Ostracon with Line Drawing of Theban Triad

New Kingdom, Ramesside

On view at The Met Fifth Avenue in Gallery 124

Ostraca (plural for ostracon) are potsherds used as surfaces for writing or drawing. By extension, the term is applied to chips of limestone, which were employed for similar purposes. Figural ostraca vary from sketches of a single feature to polychrome painted compositions. They were used to practice drawing, draft compositions, and copy scenes. However, some ostraca were created for more durable functions, used as cult images in religious practice and deposited at tombs or shrines as sites of access to the divine. Ostraca, on which animals appear acting as humans, have been variously interpreted as playful jokes, political satire, or illustrations to fables or myths in the oral tradition.


This ostracon depicts the Theban Triad of gods, Amun, Mut, and their son Khonsu. To the left, Amun wears a tall plumed crown and a broad collar.

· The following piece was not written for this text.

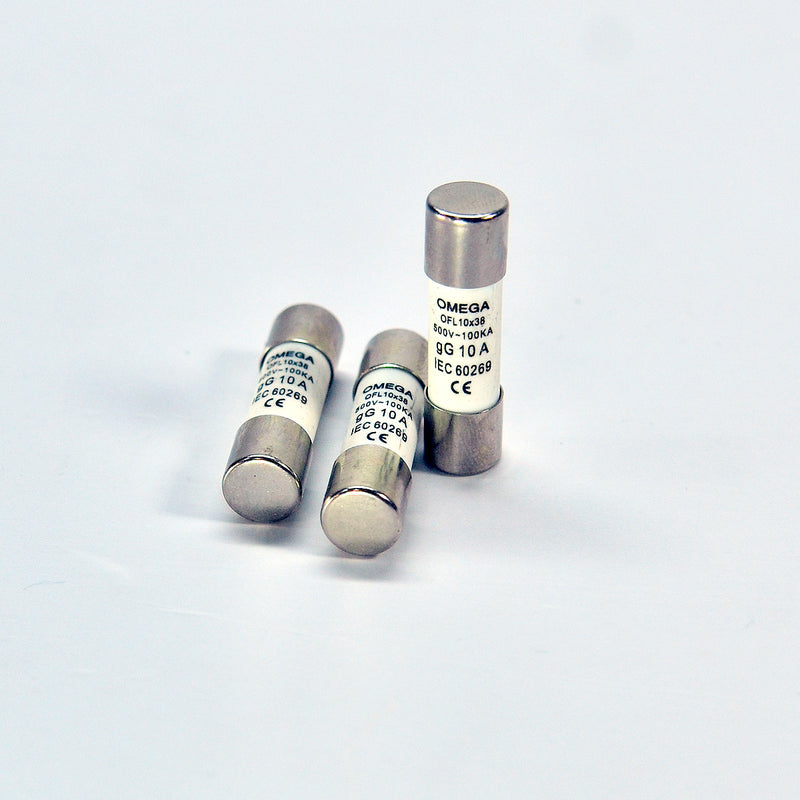 Cầu chì ống, lõi sứ OMEGA (ceramic fuse) thân 10mm x 38mm, tiêu chuẩn IEC-60269, 500V/100KA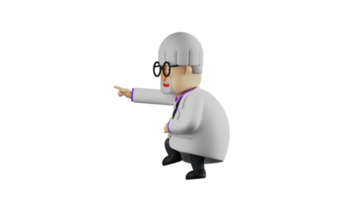 3D illustration. Happy Professor 3D cartoon character. Professor burst out laughing while clutching his stomach. Professor pointed towards where there was something funny. 3D cartoon character png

In his front, his name and epithet "Amun-Re King of the Gods" is written in a column of hieroglyphs. Mut stands behind him with her left hand raised towards him. She wears the vulture headdress and double crown, emphasizing her role as a protective mother and as wife to the king. Their son, Khonsu, stands behind them, wearing the lunar disk and a uraeus. Images such as this are found in temple contexts, so this ostracon may be a practice piece or copy. Furthermore, it may have functioned as an image of this divine nuclear family, deposited in a location of significance in the Valley of the Kings.